Pour Henri Michaux, la musique chinoise a une autre fonction, celle de la catharsis. Henri Michaux a dit : « Et de même que certaines personnes n'ont qu'à ouvrir un livre de tel auteur et se mettent à pleurer sans savoir pourquoi, de même quand j'entends une mélodie chinoise, je me sens soulagé des erreurs et des mauvaises tendances qu'il y en moi et d'une espèce d'excédent dont chaque jour m'afflige. » Henri Michaux dit : « La musique chinoise me frappe, m'attriste. » Il observe que la musique chinoise est « la plus paisible, la plus frappante », « Qui n'a pas entendu Mei Lanfang, ne sait pas ce que c'est que la douceur, la douceur déchirante, décomposante, le goût des larmes, le raffinement douloureux de la grâce. » Ce qui frappe Henri Michaux, C'est justement la douceur de la musique chinoise. Mei Lanfang fut rénovateur de l'opéra de Pékin. Il chantait des rôles de femmes jusqu'à un âge avancé. En 1930, Mei Lanfang a fait visite et représentation en Amérique et remporté de grands succès. Après la visite en Amérique, il a visité Pologne, France, Belgique, Italie, Angleterre etc. Retourné en Chine, il fait représentation à Pékin et à Shanghai. Pendant cette période, Henri
Michaux a eu l'occasion de voir la représentation de Mei Lanfang. La musique dont Henri Michaux parle est celle du théâtre chinois. Mei Lanfang ne chante que deux morceaux ponctués par des gestes, alors que l'héroïne qu'il incarne visite douze kiosques. Pendant cette promenade, la galerie décorée, le bassin, les ruines, le pavillon des pivoines, les azalées, les oiseaux, tout n'existe que par l'interprétation du comédien et par l'imagination du public. L'Être naît du vide. Dès que Mei Lanfang s'arrête, tout a disparu, la scène est vide. Sur ce point, Henri Michaux a dit ces mots : « Je retrouvais, je comprenais mieux à présent cette pensée chinoise qui m'avait autrefois tant surpris : « La musique est faite pour modérer. »… mais j'avais mal retenu. Elle dit, la pensée de Yo-ki : « La musique est faite pour modérer la joie. » La joie ! Elle serait donc si immense ! Ici certes elle ne l'était pas, c'était tout l'être devenu expressif par les heures atroces, qu'il fallait modérer. »

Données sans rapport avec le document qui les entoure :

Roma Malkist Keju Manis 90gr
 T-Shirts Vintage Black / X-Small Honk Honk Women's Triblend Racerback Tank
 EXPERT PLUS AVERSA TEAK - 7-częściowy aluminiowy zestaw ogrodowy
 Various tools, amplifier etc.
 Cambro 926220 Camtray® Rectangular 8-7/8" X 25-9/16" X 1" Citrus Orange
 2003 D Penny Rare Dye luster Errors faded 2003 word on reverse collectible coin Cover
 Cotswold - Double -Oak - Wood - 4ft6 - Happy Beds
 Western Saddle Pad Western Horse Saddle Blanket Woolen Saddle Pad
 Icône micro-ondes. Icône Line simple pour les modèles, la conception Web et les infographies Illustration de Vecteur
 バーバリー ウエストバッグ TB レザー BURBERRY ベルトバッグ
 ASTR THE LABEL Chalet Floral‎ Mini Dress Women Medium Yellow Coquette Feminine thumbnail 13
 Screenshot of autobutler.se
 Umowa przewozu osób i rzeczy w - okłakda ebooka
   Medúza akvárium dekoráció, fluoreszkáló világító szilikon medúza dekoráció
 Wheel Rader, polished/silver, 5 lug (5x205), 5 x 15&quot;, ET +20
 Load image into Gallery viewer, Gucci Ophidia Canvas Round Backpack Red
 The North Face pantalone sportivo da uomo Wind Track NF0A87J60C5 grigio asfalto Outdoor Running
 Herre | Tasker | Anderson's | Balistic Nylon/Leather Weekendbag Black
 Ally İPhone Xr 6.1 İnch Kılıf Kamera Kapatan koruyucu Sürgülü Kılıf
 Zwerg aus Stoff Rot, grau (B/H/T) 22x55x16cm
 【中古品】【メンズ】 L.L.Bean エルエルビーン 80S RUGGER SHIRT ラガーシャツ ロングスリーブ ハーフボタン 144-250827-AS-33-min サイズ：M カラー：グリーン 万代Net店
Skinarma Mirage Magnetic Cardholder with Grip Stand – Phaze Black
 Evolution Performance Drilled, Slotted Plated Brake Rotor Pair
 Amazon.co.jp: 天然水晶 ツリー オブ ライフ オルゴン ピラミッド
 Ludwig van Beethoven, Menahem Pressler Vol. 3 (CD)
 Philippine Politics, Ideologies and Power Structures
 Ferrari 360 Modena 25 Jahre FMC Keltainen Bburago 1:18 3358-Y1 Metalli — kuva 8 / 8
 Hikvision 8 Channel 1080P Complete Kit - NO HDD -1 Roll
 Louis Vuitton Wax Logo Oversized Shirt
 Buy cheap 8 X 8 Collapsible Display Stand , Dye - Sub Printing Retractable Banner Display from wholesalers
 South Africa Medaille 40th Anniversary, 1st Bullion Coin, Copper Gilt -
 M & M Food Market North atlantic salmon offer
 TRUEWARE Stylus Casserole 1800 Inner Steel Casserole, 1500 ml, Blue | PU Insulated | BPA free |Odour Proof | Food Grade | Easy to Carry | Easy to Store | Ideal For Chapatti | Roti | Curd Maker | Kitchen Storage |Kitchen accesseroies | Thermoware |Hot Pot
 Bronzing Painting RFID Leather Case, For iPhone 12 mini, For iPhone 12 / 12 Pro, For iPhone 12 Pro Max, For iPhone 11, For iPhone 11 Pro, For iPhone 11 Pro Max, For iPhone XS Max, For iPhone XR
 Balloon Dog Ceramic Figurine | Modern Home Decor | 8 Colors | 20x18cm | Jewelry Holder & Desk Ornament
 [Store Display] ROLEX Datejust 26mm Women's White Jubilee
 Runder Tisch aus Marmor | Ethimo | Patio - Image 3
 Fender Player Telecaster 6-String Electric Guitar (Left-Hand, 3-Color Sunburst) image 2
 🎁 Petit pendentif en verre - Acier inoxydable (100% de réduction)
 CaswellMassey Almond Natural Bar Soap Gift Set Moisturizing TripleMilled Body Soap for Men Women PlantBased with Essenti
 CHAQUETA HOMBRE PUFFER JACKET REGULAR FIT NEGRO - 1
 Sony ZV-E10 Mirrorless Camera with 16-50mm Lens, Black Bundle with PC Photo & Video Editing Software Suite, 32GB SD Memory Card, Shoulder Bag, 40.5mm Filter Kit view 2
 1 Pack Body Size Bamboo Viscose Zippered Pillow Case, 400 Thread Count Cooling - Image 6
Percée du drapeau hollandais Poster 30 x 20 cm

Dans Passages, Henri Michaux a dit : « Cet art devait être particulièrement étudié par les Chinois, peuple particulièrement sensible au phénomène de l'imitation et dont la morale dès avant Confucius et même avant Sema Ts'ien [Sima Qian] est une morale d'exemples, de valeurs à reproduire, à copier. Solennellement, les empereurs de Chine d'autrefois donnaient le Jour de l'An la note sur laquelle, pendant toute l'année à venir, l'Empire devait être accordé, harmonisé, tenu dans l'union.
Henri Michaux a peint quantité de tableaux avec l'encre de Chine. Il consacre sa vie à l'écriture et à la peinture pour être en harmonie avec tout et avec Tao. Ce qu'Henri Michaux admire, c'est l'effet de la peinture chinoise où règne la nature.